- **EXERCISE BRIEF**
A word-for-word copy of the data is what's wanted, with no pictures.

- **THE DATA**
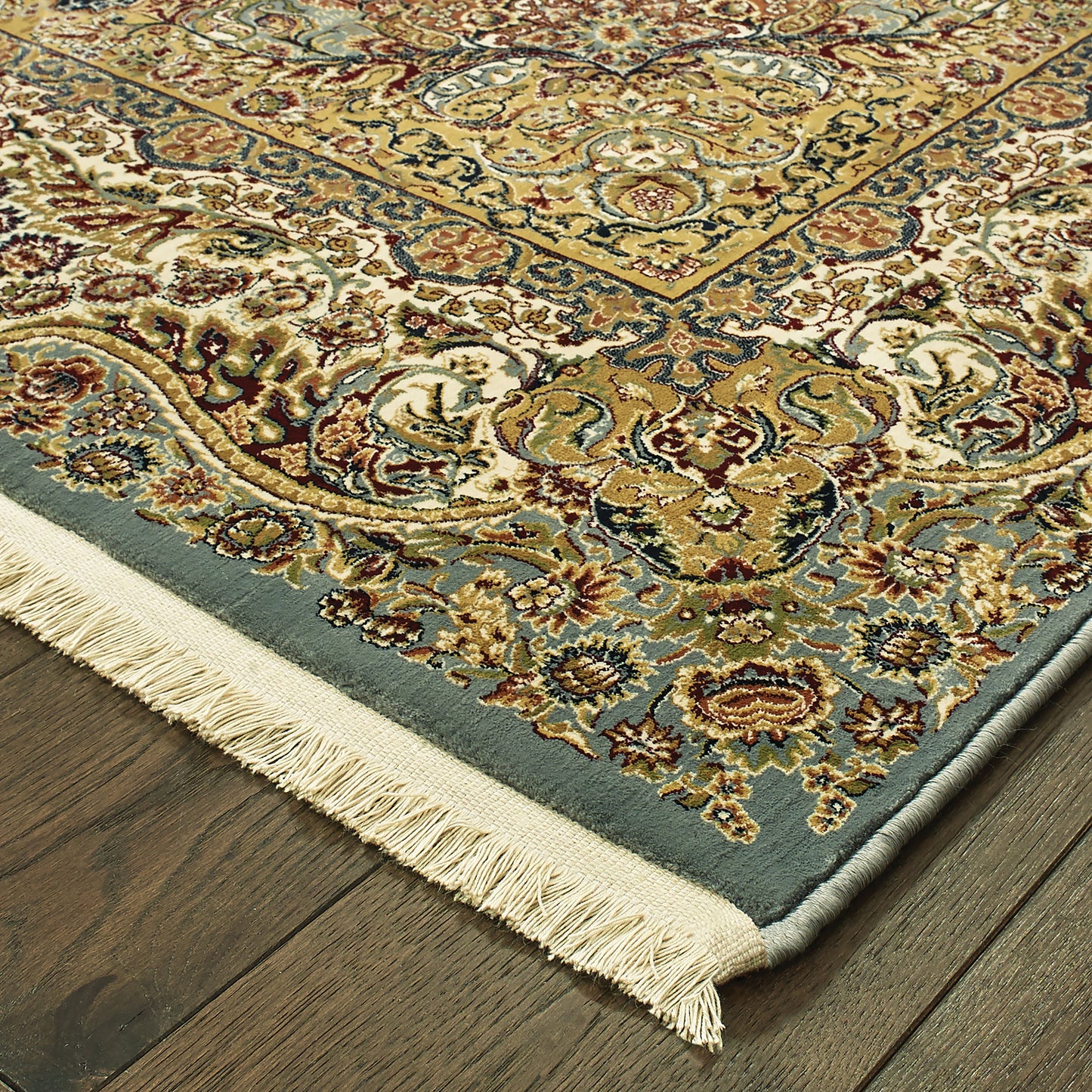 Masterpiece Blue Gold Traditional Oriental Indoor Rug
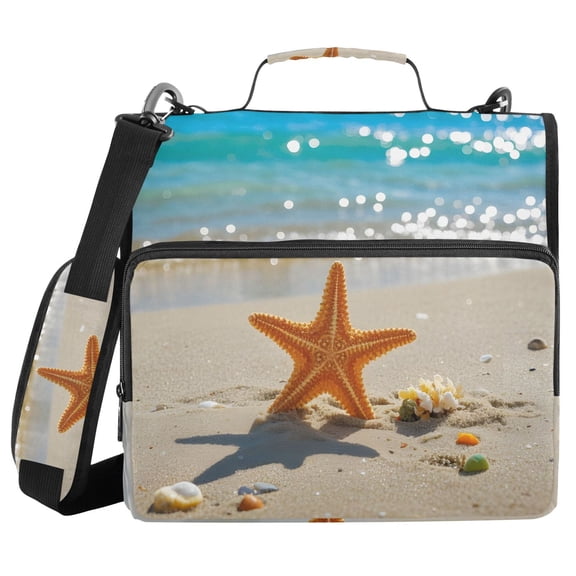 3 Ring Zipper Binder with Shoulder Strap Waterproof Trapper Keeper 2 Inch D-Ring 500 Sheets Capacity Starfish Stand on Beach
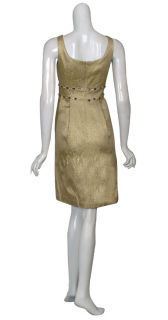 Kay Unger Metallic Rhinestone Brocade Eve Dress 14 New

- **ANSWER SPACE**
 Masterpiece Blue Gold Traditional Oriental Indoor Rug
 3 Ring Zipper Binder with Shoulder Strap Waterproof Trapper Keeper 2 Inch D-Ring 500 Sheets Capacity Starfish Stand on Beach
 Kay Unger Metallic Rhinestone Brocade Eve Dress 14 New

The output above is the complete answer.